Let me cite just one example from among many. Around 2003, the World Bank financed a huge ‘North East Irrigated Agriculture Project’ (NEIAP), and among others, studied the feasibility for modernisation of the Vammiyadi Kulam in the Thirukkovil Divisional Secretariat Division of the Ampara District. In our study on land conflicts in the East, Shahul Hasbullah and I had a close look at contestations (at times violent) between paddy cultivators and livestock herders around access to land and this tank’s water (Hasbullah and Geiser 2019: 153). A careful reading of the World Bank’s report (2004) revealed not a single mention of this conflict.
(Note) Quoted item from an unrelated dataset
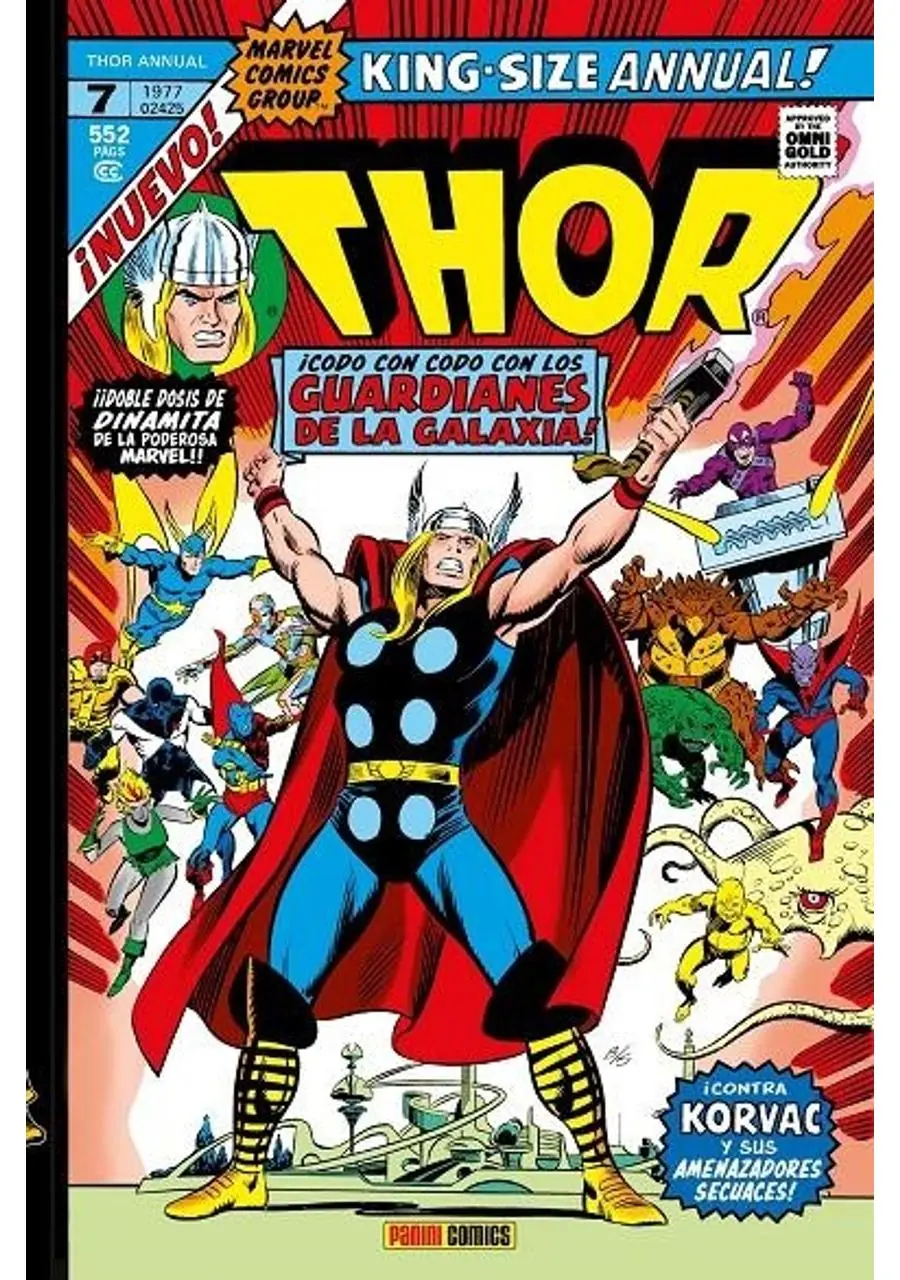 El Poderoso Thor Omnigold 07 (Contra Korvac) – Panini España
It instead speaks, in typical discourse, of “small farmers” and the “local community”, and their needs for “development”.

Thus, analytically, these studies lack a critical perspective that would address power relations and (potential) processes of differentiation and marginalisation. And normatively, they continue to be embedded in the modernisation project, with their recommendations limited to suggestions for minor adjustments in this endeavour.

It required the present economic and political crisis to drastically show the urgent need for renewed and critical attention to the agrarian sphere. This crisis is nested in larger political-economic processes within and beyond Sri Lanka up to the global level.

Challenges for contemporary critical agrarian studies
In what follows, I continue to concentrate on Sri Lanka’s agrarian space and its grassroots, where the present crisis was triggered by the post-war spread of micro-finance loans in the North (itself nested in the massive post-2009 inflow of capital; see the debate on financialisation in Kadirgamar 2013); the sudden decision to ban chemical fertilisers and to immediately switch to organic only (with the related problems to produce food in the first place); and the enormous challenges of access to food and other items associated with the drastic increase in prices.

This crisis – coupled with the problems created by the war and the State’s (rather, ruling regime’s) post-war economic strategy with its obsession to invest in huge infrastructure – has created realities that differ from those the researchers were studying in the 1970s and early 1980s. Just think of the last decades waves of development interventions on a scale never seen before, the enormous inflow of foreign capital, and the important role of donors (including their paradigms on how to develop the rural). And last but not least, Sri Lanka’s population in the early 1980s was 14-15 million people, whereas today it is around 22 million.

The need for “critical agrarian studies”
All this suggests that one needs to recall and learn from the older debates (e.g., from ‘peasant studies’), but that these debates need to be critically reflected upon, and made more nuanced – regarding underlying theories (e.g., the understanding of pre-colonial social relations and the notion of class); methodologies (e.g., the focus of data collection on the head-of-household); and the normative (e.g., the meaning of radical or progressive politics).

This is the case not only in Sri Lanka. To further underline the potential of this turn to a “broad interdisciplinary framework, inspired by theory” (Bernstein and Byres 2001a: ii), the notion of critical agrarian studies has only recently emerged (Edelman and Wolford 2017). Recalling what Bernstein, Byres and Borras had advocated earlier, Akram-Lodhi, et al. (2021: 1) write: “Critical agrarian studies represents a field of research that unites critical scholars from various disciplines concerned with understanding agrarian life, livelihoods, formations and their processes of change. It is ‘critical’ in the sense that it seeks to challenge dominant frameworks and ideas in order to reveal and challenge power structures and thus open up the possibilities for change”.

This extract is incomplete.